Applying DNA Methods to the Study of Wildlife Distribution and Abundance workshop
- Start Date: December 01, 2003
- End Date: December 04, 2003
- City: Nelson BC
Recent Advances in DNA Technology
Instructor: David Paetkau, Wildlife Genetics International
The goal of this session was to provide non-geneticists with targeted information that will enable them to understand, scrutinize, and defend the genetic data that they receive from laboratories. The workshop began with a review of basic molecular genetics (what is DNA, the central dogma, terminology, etc.), and an introduction to the common techniques (extraction, PCR, electrophoresis, DNA sequencing) that a low molecular biologists to study the genetic code at its most fundamental level. This was followed by a description of the specific markers and techniques that are used to establish individual identity. The workshop culminated in a discussion of how and where things can go wrong, and what can be done about it. Participants were introduced to signatures of error, protocols that can prevent and detect error, and empirical evidence as to how good (or bad) datasets can be.
Designing a DNA-Based Project
Instructor: Garth Mowat, Aurora Wildlife Research
Crescent Valley, BC
We discussed sampling designs for broad-scale inventories of terrestrial mammals including methods for predicting sample size needs. We began with a brief introduction to mark-recapture theory and how to use the program CAPTURE to predict estimator precision. Then we discussed field methods for sampling DNA from carnivores including bears, mustelids and felids. Topics included the use of baits, comparison of hair removal methods, and the handling of samples including sorting and sub-sampling to minimize laboratory analysis costs. We closed with a brief discussion of how broad-scale data of this type has been used and how we may benefit from these methods in the future.
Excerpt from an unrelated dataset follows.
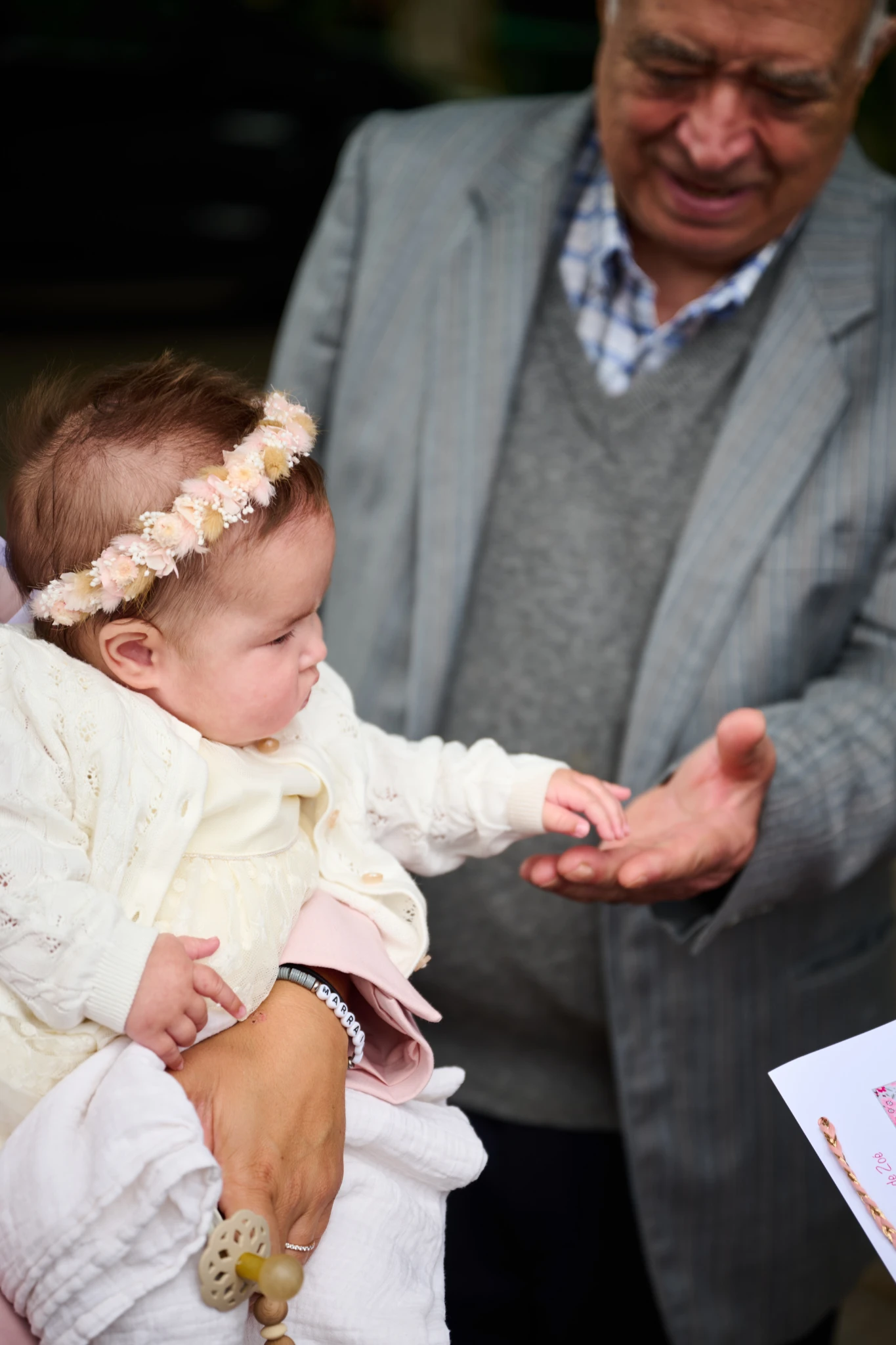 Détails & Liens familiaux – Reportage Baptême Lot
Advanced Data Analysis Strategies
Instructor: John Boulanger, Integrated Ecological Research
In the past ten years there has been a large degree of advancement in mark-recapture estimation. One of the main advancements has been the advent of flexible models that allow incorporation of covariates and the testing of research hypotheses directly from mark-recapture data as incorporated in program MARK. In this session we explored explore the application of newer mark-recapture methods to DNA data from grizzly bear populations. An overview of newer models and general estimation methodology and philosophy was given. From this, case studies of DNA projects for the purpose of population estimation and trend were introduced and discussed with an emphasis on the strengths and weaknesses of newer and older approaches to data analysis. Given the short time period of this workshop there was not enough time to analyze participant’s data sets. However, participants were encouraged to bring ideas and questions about how newer methods may be able to aid their research programs.